Amy Rees Anderson: Being passionate about work can increase chance of success
Mark A. Philbrick, BYU
Editor's note: This article written by Amy Rees Anderson originally appeared on Forbes.com and is being reprinted with her permission.
Often times I am asked to speak on topics such as entrepreneurship, leadership, corporate culture, and so on. Whenever I speak at universities, one of my favorite questions to ask students is, "What career do you want to pursue," or, "What business do you plan to begin?" After I hear their initial response, I then like to ask, "Now, suppose I gave you a check for $10 million dollars today and told you that you could pursue any career path or start any business you wanted to, with no expectation that you would ever pay me back or generate a return on my investment — in fact, I could't care less if the business never makes a dime. Now tell me what career you would pursue or what business would you want to begin." It is amazing to hear how often their answers will change to something completely different. Why is that?
Further discussion typically leads them to share the same conclusion:they are pursuing the path they believe will be the safest bet to a steady income, and in most cases that path does not include pursuing the career of their dreams or the idea that they are most passionate about. So then one has to consider if they are making the right choice. Does being passionate about the work you do increase your chance of success?
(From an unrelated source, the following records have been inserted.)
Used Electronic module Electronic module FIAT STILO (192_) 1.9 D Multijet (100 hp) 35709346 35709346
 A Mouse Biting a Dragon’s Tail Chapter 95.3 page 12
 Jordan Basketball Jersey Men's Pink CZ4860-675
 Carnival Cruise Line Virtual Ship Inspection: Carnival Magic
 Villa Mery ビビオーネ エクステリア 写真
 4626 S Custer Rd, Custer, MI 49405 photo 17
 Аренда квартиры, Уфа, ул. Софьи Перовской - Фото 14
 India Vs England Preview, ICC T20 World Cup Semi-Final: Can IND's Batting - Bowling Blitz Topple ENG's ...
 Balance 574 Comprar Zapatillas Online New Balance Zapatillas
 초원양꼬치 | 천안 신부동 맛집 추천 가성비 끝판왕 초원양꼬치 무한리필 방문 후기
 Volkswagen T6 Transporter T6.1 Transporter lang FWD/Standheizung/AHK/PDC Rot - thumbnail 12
I can't say that there is an exact right or wrong answer to that question, I can only share my own thoughts about it and then invite all of you to share your comments as well, respecting the fact that there are likely a wide range of opinions on this topic. Here are my thoughts:
I will start with a story about myself. I started working in healthcare at the age of 15. At the time, I can't say that I took a job in healthcare because I had a passion for it. Heck, I was only 15! All I was passionate about was being able to afford name brand jeans. As the years went by and my experience in healthcare deepened, it was the obvious choice for me to launch my first company in that industry. I understood the industry, I felt confident about it, and I had the contacts and the network in that space. Was I passionate about the industry? I suppose I never stopped to ask myself that question at the time. By then I was a mother with two small children I needed to support and my passion was being able to keep them fed and clothed with a roof over their heads.
As I became an entrepreneur running my own company, I quickly discovered that the things I was most passionate about were being able to see a problem and then figuring out a way to solve it by designing software that could simplify and streamline the problem. I also had a passion for wanting to become a good leader for my people. Note that neither of these passions required industry specificity. The truth is that I could have fulfilled them in any type of business, but with my past experience and knowledge, healthcare technology became the industry of choice to pursue my passion. And thank heavens I had that passion because when times got tough — which they always do in business — it was my passion that drove me and helped me persist through the worst of times. Had I not had the passion I honestly don't believe I could have led the growth of the company to the level that we achieved.
For some, their passion may be tied to a specific industry, like medicine, or law, or science, but I tend to believe that for most their passion is tied to a desire, such as to lead, or to teach, or to help others. And often times these passions can be pursued in myriad jobs or industries.